(Collected data begins)
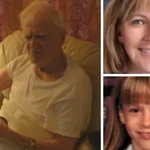 Desde el 8 de agosto del 2000 que se buscaban los cuerpos de Susan y Alex, asesinadas por Larry Webb en Virginia, Estados Unidos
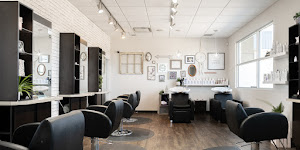 Soma Salon & Spa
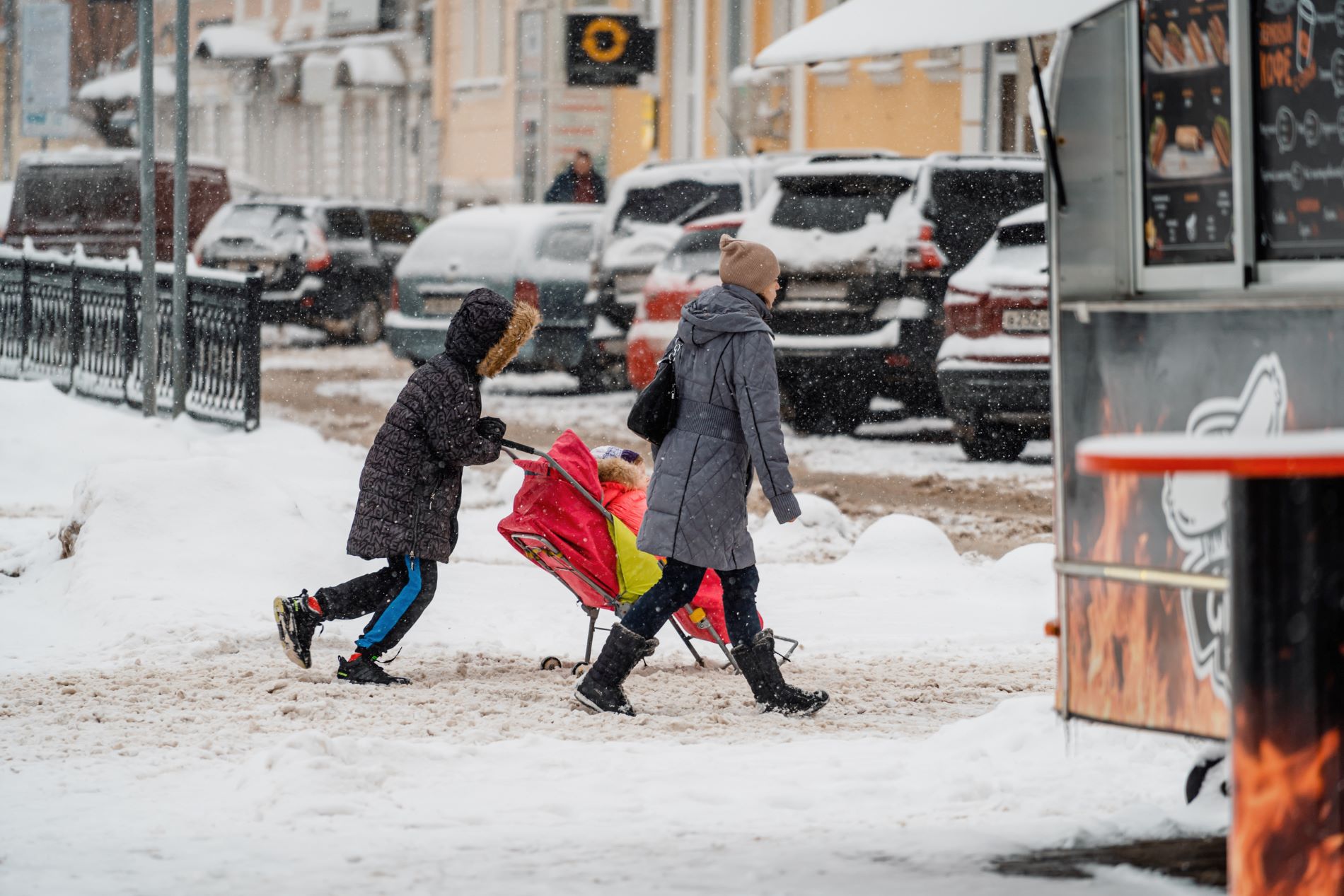 В нашем кошельке прибыло: вступают в силу законы февраля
(Collected data ends)
**Work task:**
Before copying the material, set its pictures aside; then transcribe it word for word.

**Result of the task:**
 Desde el 8 de agosto del 2000 que se buscaban los cuerpos de Susan y Alex, asesinadas por Larry Webb en Virginia, Estados Unidos
 Soma Salon & Spa
 В нашем кошельке прибыло: вступают в силу законы февраля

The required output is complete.